Near Suritola, roadwork by Dhaka South City Corporation had narrowed the Sadarghat-bound lane to half its width. Construction materials cluttered the remaining space, while hawkers occupied the footpaths, forcing pedestrians onto the road and further slowing traffic.
Then came Gulistan — the city’s familiar bottleneck. Buses stopped mid-road to take passengers, blocking entire lanes as if that weren’t an offense. Inch by inch, the bus crept to Paltan. Above, trains zipped along the metro line; below, traffic crawled like molasses.
It took over 15 minutes for the bus to move a few hundred yards from Paltan to the National Press Club. At Matsya Bhaban, the driver parked across another bus to block it, triggering a chain of honking from behind until he reluctantly moved on.
After crossing Shahbagh, the bus stopped again to pick up passengers, then crawled to the next signal near Hotel InterContinental. New semi-automated traffic lights have been installed here, but they’re of little help. Since Dhaka’s automatic signaling system barely functions, traffic police are left struggling to control movement by hand.
Yet, over the past two decades, four modernisation projects have cost nearly Tk 1.90 billion, with little benefit for commuters. The interim government is now installing new locally-made signal lights at 22 intersections under the two city corporations, at a cost of about Tk 180 million.
Past the InterContinental, the bus stopped again at Banglamotor amid another tangle of vehicles competing for passengers. More congestion followed at Karwan Bazar, where a new U-turn now slows traffic even further. At Farmgate, the bus idled for 12 minutes waiting for riders.
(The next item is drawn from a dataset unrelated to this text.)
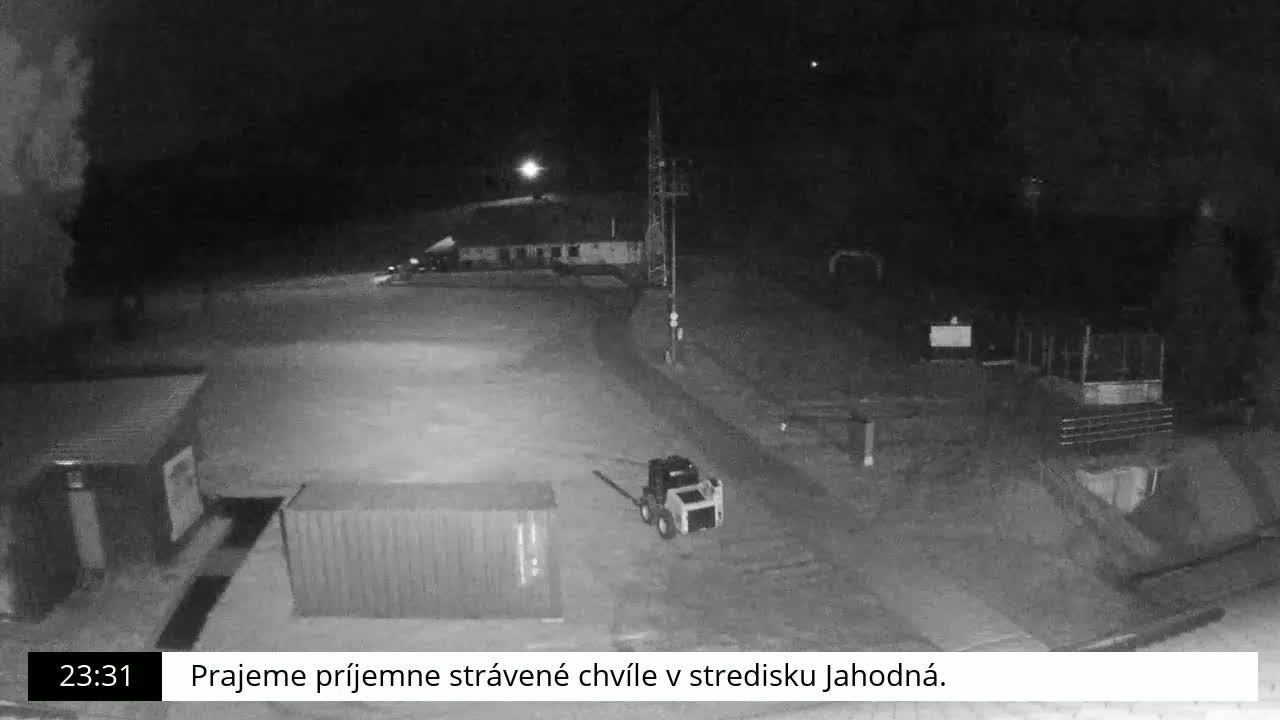 A nighttime, black-and-white view of a mostly empty paved area with a small building, a shipping container, and a piece of machinery.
Heading toward Indira Road, construction of the elevated expressway ramp had taken up more than half the road, creating another bottleneck. The bus stopped again at Zia Udyan and Agargaon signals, before inching through Shewrapara and Kazipara — and finally meeting the day’s worst jam at Mirpur-10, where it took 13 minutes to pass a single signal.
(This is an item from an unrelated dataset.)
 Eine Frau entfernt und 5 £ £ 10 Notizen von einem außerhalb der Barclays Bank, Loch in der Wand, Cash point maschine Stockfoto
Eventually, the bus reached Mirpur-12. The clock read 12:30 pm.
The journey that began at 8:00 am in Kuril — from Dhaka’s southern end to its northern edge — had taken four and a half hours. Half a day lost on the capital’s roads, amid choking air pollution.
A 2022 report by the World Bank and BUET’s Accident Research Institute highlighted the worsening trend. In 2007, the average traffic speed in Dhaka was 21 km per hour. By 2022, it had dropped to just 4.8 km per hour.